3b. Submitting like in (3) however specifying a pre-created krb5 ConfigMap and pre-created HADOOP_CONF_DIR ConfigMap

/opt/spark/bin/spark-submit \
    --deploy-mode cluster \
    --class org.apache.spark.examples.HdfsTest \
    --master k8s://<KUBERNETES_MASTER_ENDPOINT> \
    --conf spark.executor.instances=1 \
    --conf spark.app.name=spark-hdfs \
    --conf spark.kubernetes.container.image=spark:latest \
    --conf spark.kubernetes.kerberos.tokenSecret.name=<SECRET_TOKEN_NAME> \
    --conf spark.kubernetes.kerberos.tokenSecret.itemKey=<SECRET_ITEM_KEY> \
    --conf spark.kubernetes.hadoop.configMapName=<HCONF_CONFIG_MAP_NAME> \
    --conf spark.kubernetes.kerberos.krb5.configMapName=<KRB_CONFIG_MAP_NAME> \
    local:///opt/spark/examples/jars/spark-examples_<VERSION>.jar \
    <HDFS_FILE_LOCATION>

Event Logging

If your applications are using event logging, the directory where the event logs go (spark.eventLog.dir) should be manually created with proper permissions. To secure the log files, the directory permissions should be set to drwxrwxrwxt. The owner and group of the directory should correspond to the super user who is running the Spark History Server.

This will allow all users to write to the directory but will prevent unprivileged users from reading, removing or renaming a file unless they own it. The event log files will be created by Spark with permissions such that only the user and group have read and write access.

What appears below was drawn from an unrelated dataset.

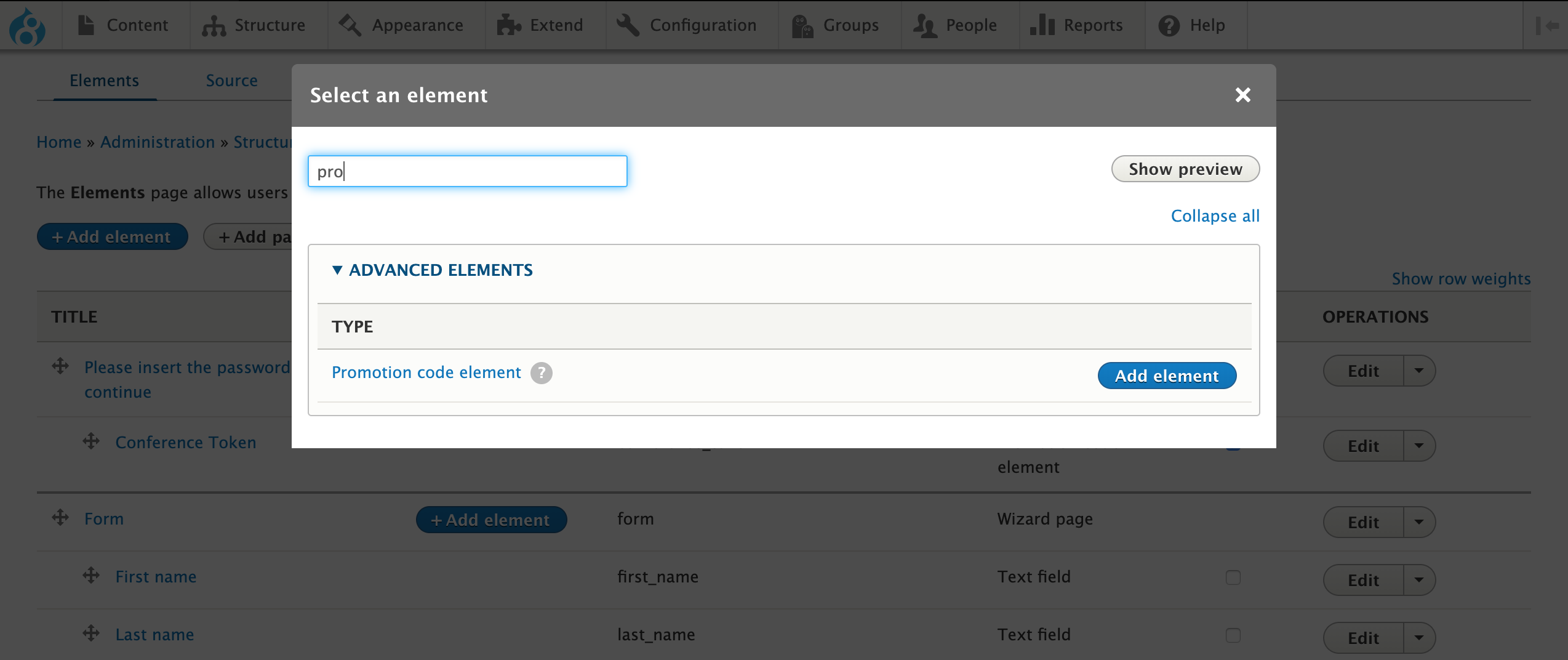 Add a new element to the Webform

Persisting driver logs in client mode

If your applications persist driver logs in client mode by enabling spark.driver.log.persistToDfs.enabled, the directory where the driver logs go (spark.driver.log.dfsDir) should be manually created with proper permissions. To secure the log files, the directory permissions should be set to drwxrwxrwxt. The owner and group of the directory should correspond to the super user who is running the Spark History Server.

This will allow all users to write to the directory but will prevent unprivileged users from reading, removing or renaming a file unless they own it. The driver log files will be created by Spark with permissions such that only the user and group have read and write access.